This article outlines the administration of solvent and insolvent estates, including:

  • identifying executors and administrators as personal representatives, when their authority arises, and their core fiduciary duties.
  • applying statutory and common-law powers of personal representatives to collect, manage, invest, and distribute estate assets lawfully.
  • distinguishing solvent from insolvent estates and determining whether all funeral, testamentary, administration expenses, and debts can be paid.
  • following the statutory order for the incidence of liabilities in solvent estates, including secured debt treatment, exoneration, and abatement.
  • analysing when specific gifts, pecuniary legacies, and residue abate and how marshalling reallocates the burden of estate debts.
  • applying the insolvency priority rules to rank secured, preferential, unsecured, and deferred creditors in an insolvent estate.
  • evaluating the consequences of misapplication of assets, premature distribution, and misadministration for personal representatives and beneficiaries.
  • using statutory advertisements, court applications, and practical safeguards to manage creditor claims and minimise personal liability risk.
  • integrating these rules to construct structured, statute-based answers to SQE1 problem questions on estate administration.

SQE1 Syllabus

For SQE1, you are required to understand the administration of estates, including the rules applicable to solvent and insolvent estates, with a focus on the following syllabus points:

  • duties and powers of personal representatives (executors and administrators), including the duty of care under Trustee Act 2000 and key administrative powers
  • order of application of assets for debts and expenses in solvent estates (Administration of Estates Act 1925)
  • priority of debts and liabilities in insolvent estates (Insolvency Act 1986 and Administration of Insolvent Estates of Deceased Persons Order 1986)
  • secured debts, exoneration, abatement of legacies, and marshalling
  • creditor claims and protections for PRs, including statutory advertisements and Benjamin orders
  • consequences for beneficiaries where estates are insolvent or misdistributed
  • relevant procedural rules and statutes governing estate administration

Test Your Knowledge

Attempt these questions before reading this article. If you find some difficult or cannot remember the answers, remember to look more closely at that area during your revision.

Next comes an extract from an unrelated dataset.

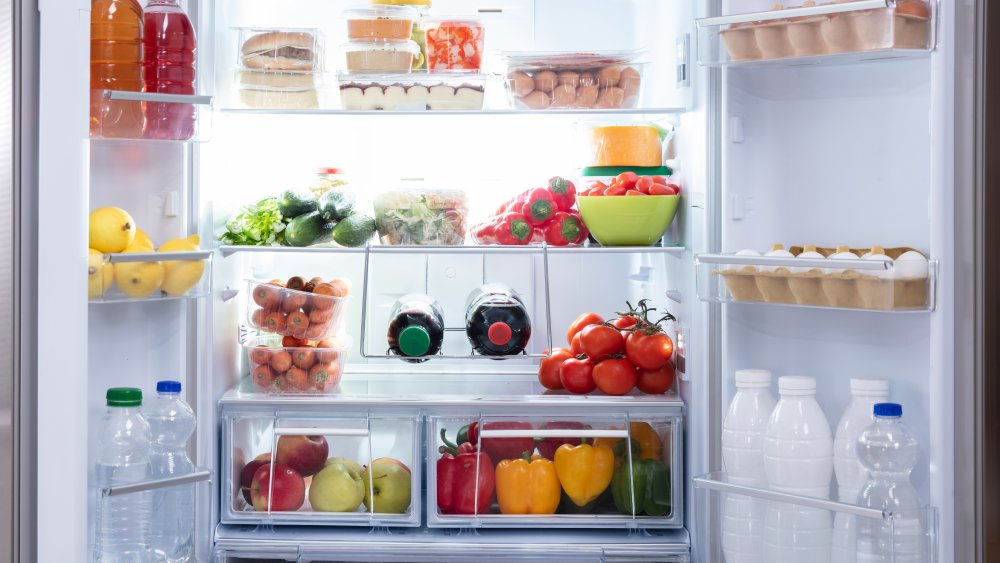 Refrigerator stocked with produce and sweet potatoes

  1. What is the statutory order for applying assets to pay debts and expenses in a solvent estate?
  2. What is the effect on beneficiaries if an estate is insolvent?
  3. Who is responsible for administering an estate and what are their primary duties?
  4. How are secured, preferential, and unsecured creditors treated in an insolvent estate?

Introduction

When a person dies, their property and liabilities must be managed and distributed according to law. The process of administering an estate is governed by statutory rules and the duties of personal representatives. It is essential to understand the differences between solvent and insolvent estates, the correct order for payment of expenses and debts, and the consequences for beneficiaries and creditors.

Key Term: personal representative
A person (executor or administrator) responsible for collecting, managing, and distributing the deceased’s estate in accordance with the law.

Duties and Powers of Personal Representatives

The administration of an estate is carried out by personal representatives (PRs)—either executors (appointed by will) or administrators (appointed by the court if there is no will or no executor able to act). Executors derive their authority from the will; administrators obtain authority only on grant of letters of administration. In practice, institutions will require production of an office copy grant to release or transfer assets.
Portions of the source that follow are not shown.